――6月1日にNECとカシオ日立モバイルコミュニケーションズが事業統合し、NECカシオモバイルコミュニケーションズが発足しました。
山崎 構想から1年余り、ようやくここまで来たかという気持ちです。いざ実現してみると、自画自賛するわけではありませんが、「いい相手と組むことができた」と思います。
というのも、両社にはNECにはないものがあるからです。カシオはCDMA2000方式の携帯電話を手がけており、国内ではKDDI、海外では米ベライゾン・ワイヤレスに供給しています。タフネスケータイ「G’zOne」やデジタルカメラ「EXILIM」のほか、腕時計や計算機などでも強力なコンシューマーブランドを持っています。
一方、日立には「家電の目」があります。KDDIから夏商戦向けに発売される「beskey(ベスキー)」は、「決め打ち」「流し打ち」「両手打ち」といったキーの打ち方に合わせてテンキーシートを取り替えられるようになっています。消費者の使い勝手を考えた発想であり、家電製品を作っている会社ならではの商品です。

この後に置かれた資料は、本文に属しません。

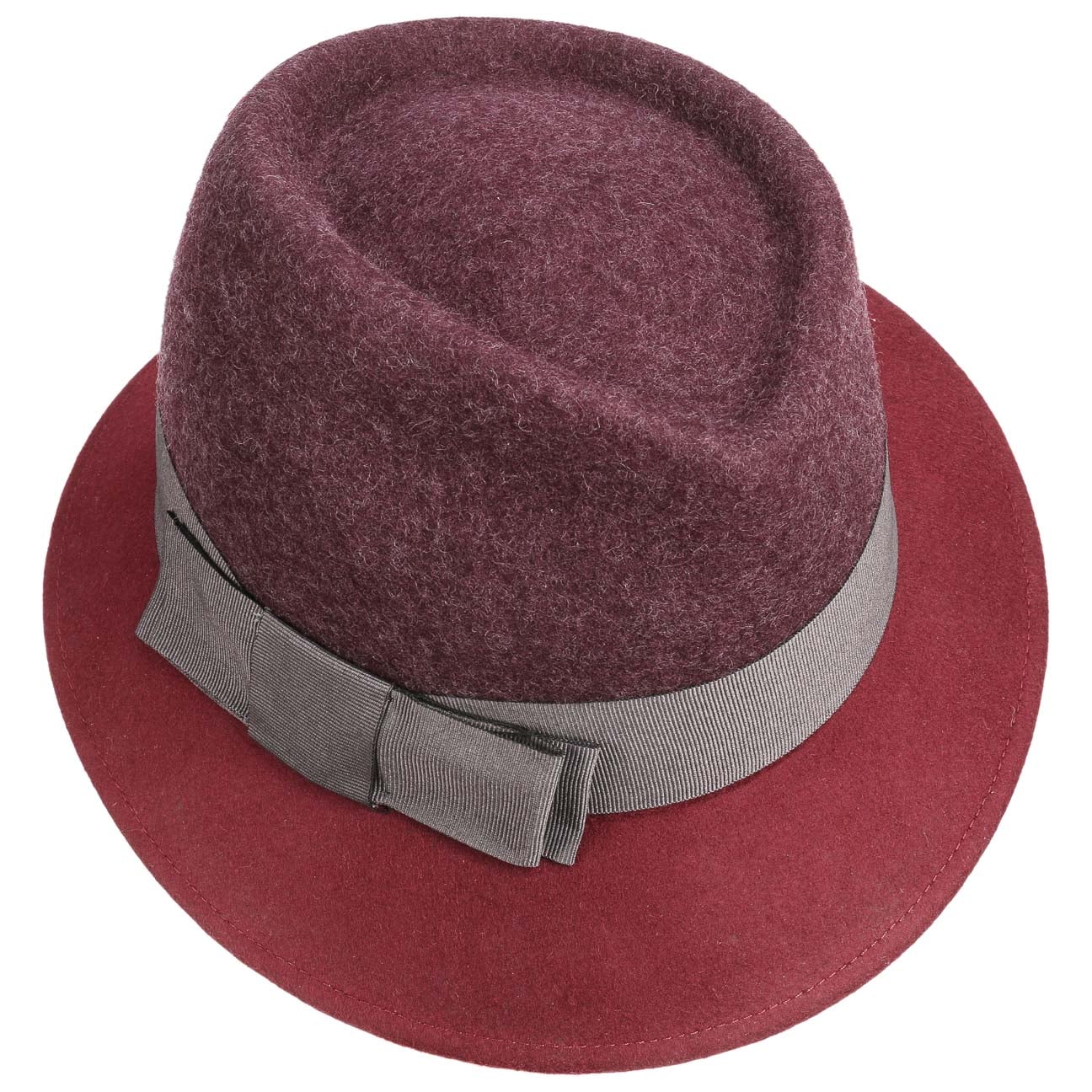 Asym Twotone Wool Felt Hat - JJ Hat Center ®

NECがコンシューマー向けに商品を開発する際、注視するのはデザインの観点であり、「利用者がどう使っているか」という視点は少々欠けていたように思います。これは合併するまで気づかなかったことであり、合併効果の1つといえるでしょう。
――持ち味の異なる3社が統合することで、各社のブランドの活用など相乗効果が期待できますね。
山崎 3社のブランドが使える状況にあるのは有利なことです。商品のコンセプトとマーケットを考え、一番有利なブランドを利用していくつもりです。海外に関してはカシオの知名度が高いので、カシオブランドを活かした展開をすることになるかもしれません。
料理にたとえれば、今までは中華しかなかったけれど、洋食やイタリアンの材料も揃った状況です。それをどう料理するかは我々の腕次第です。深く考えずに混ぜるだけではおいしくなくなります。まさに腕の見せ所だと思います。
――今後、ドコモ向けにカシオブランドを展開したり、au向けにNECブランドを展開する可能性はありますか。
山崎 あると思います。ただ、ブランドの数が増えるとお客様も増える一方、混乱を招く可能性もあります。また、通信事業者に対する配慮も必要です。先ほどの例にならえば、使える材料が揃ったからといって、無作為に料理するとごった煮になってしまうので難しい問題です。